I hear you. Time is so tricky for us. I’ve heard people (like C.S. Lewis) say we weren’t made for time, and that’s why we don’t ever feel comfortable with it.

We’re like my four-year-old grandson Caleb, still confused by what “yesterday,” “last week,” “later,” “tomorrow,” and “next month” mean. My daughter Valerie, who works three nights a week as a critical care nurse in the ICU of Pittsburgh children’s hospital, has taught Caleb to count her work nights so he can know his mom won’t always be gone or sleeping. “Tonight is number three,” he’ll tell me on Tuesdays. “Then Mommy will be with us.”

But how long will my “little while” be? I wish I could know like Caleb that “today is # three of three, then Jesus will be with us.”

I think that’s why Peter emphasizes trust. We don’t know, and we can’t see, and trust seems like a terrible risk. But we can ask God for the courage to begin learning to trust Jesus, who is unique in that he never betrayed anyone. Not ever. As we begin trusting him, our hearts start opening to the unexpected and unexplainable joy he offers us by the Holy Spirit even through the most awful times. Not something we can ever fake or drum up. A gift.

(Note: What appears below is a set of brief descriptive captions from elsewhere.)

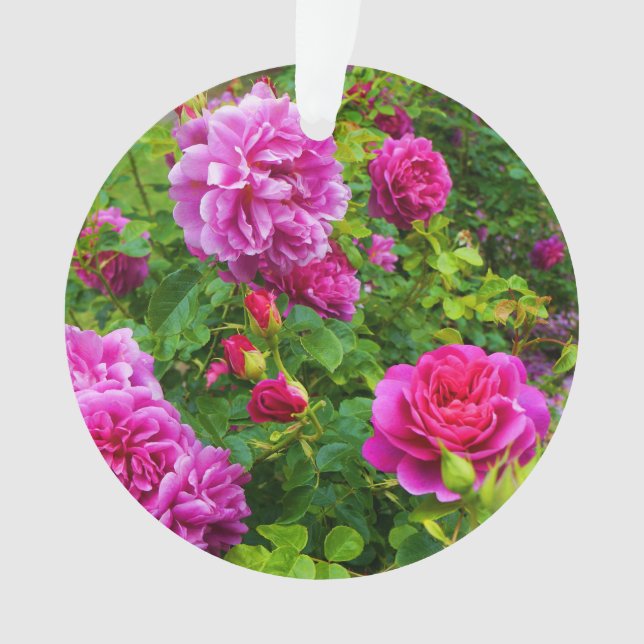Ornamento de la princesa Anne Rosa #2-1 (Anverso)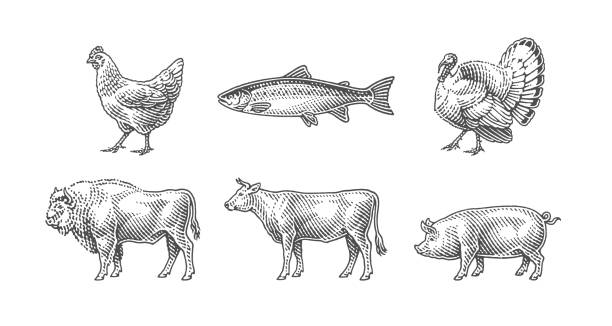 illustrations, cliparts, dessins animés et icônes de buffle, saumon sauvage, poisson, dinde, poulet, cochon, taureau, vache. - dindon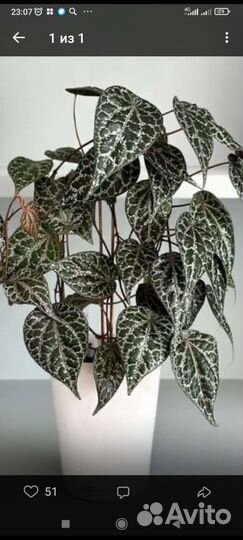 Перец орнатум, шафранный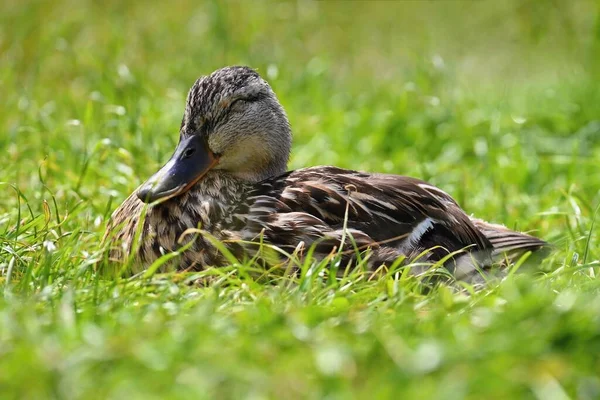 Pequenos Patos Junto Lagoa Pequenos Patos Reais Anas Platyrhynchos — Fotografia de Stock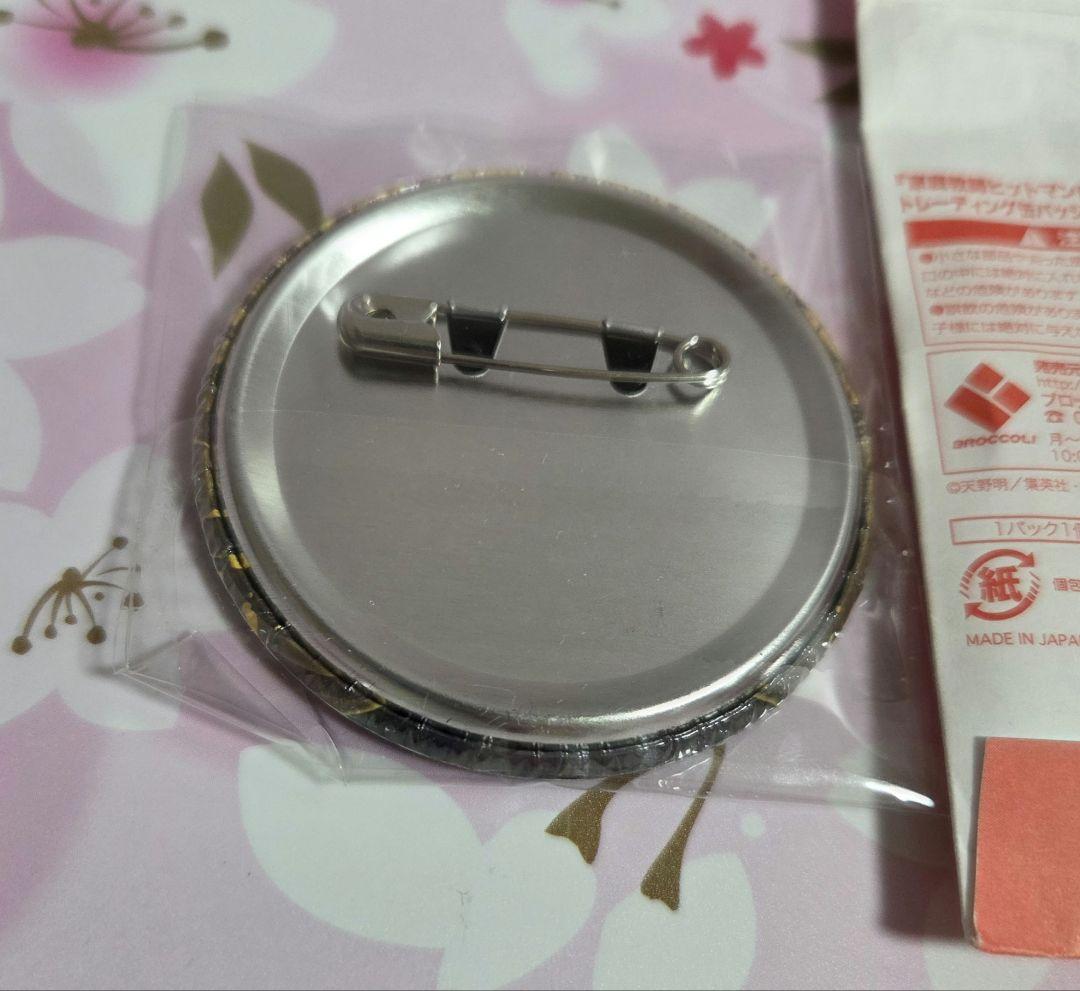 家庭教師ヒットマンREBORN！　缶バッジ　JF 2016　沢田綱吉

The only way Peter’s words make sense is that they’re based on the foundation we considered on my first post about these letters, that we can be cleansed by the blood of Jesus. He can cleanse us of the junk and pain and residue left in our souls by our experiences in the past. He can do this because he carried it all for us already, putting his own life on the line for us.

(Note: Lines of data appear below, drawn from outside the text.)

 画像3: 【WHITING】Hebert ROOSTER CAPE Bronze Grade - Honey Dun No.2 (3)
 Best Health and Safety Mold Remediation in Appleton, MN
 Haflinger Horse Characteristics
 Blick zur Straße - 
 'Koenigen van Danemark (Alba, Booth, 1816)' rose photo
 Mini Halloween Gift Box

One of my heroes, Diane Langberg, says it like this:

Jesus was made the subject of shame as absolutely as was the custom in that day. Grace abandoned him. In other words, he descended into hell. The Creator is destroyed. Life becomes dead. Glory turns to shame, Beauty is obliterated. Living water thirsts. All Power becomes powerless. The great Clothier of everything is stripped naked. All-Honor is despised. Holiness becomes excrement. Love is forsaken. Heaven enters hell. These truths mean many wonderful, eternal things. They also mean that our God understands trauma. … And that sin can die in us so the life of God can be born in us.

I believe Diane is talking about both the sin committed against us and our own sin. The effects of both can be cleansed, washed away as we open our hearts to him.

And joy—the inexplicable joy Peter is talking about—is the result. Both now, in the middle of tough times, and forever.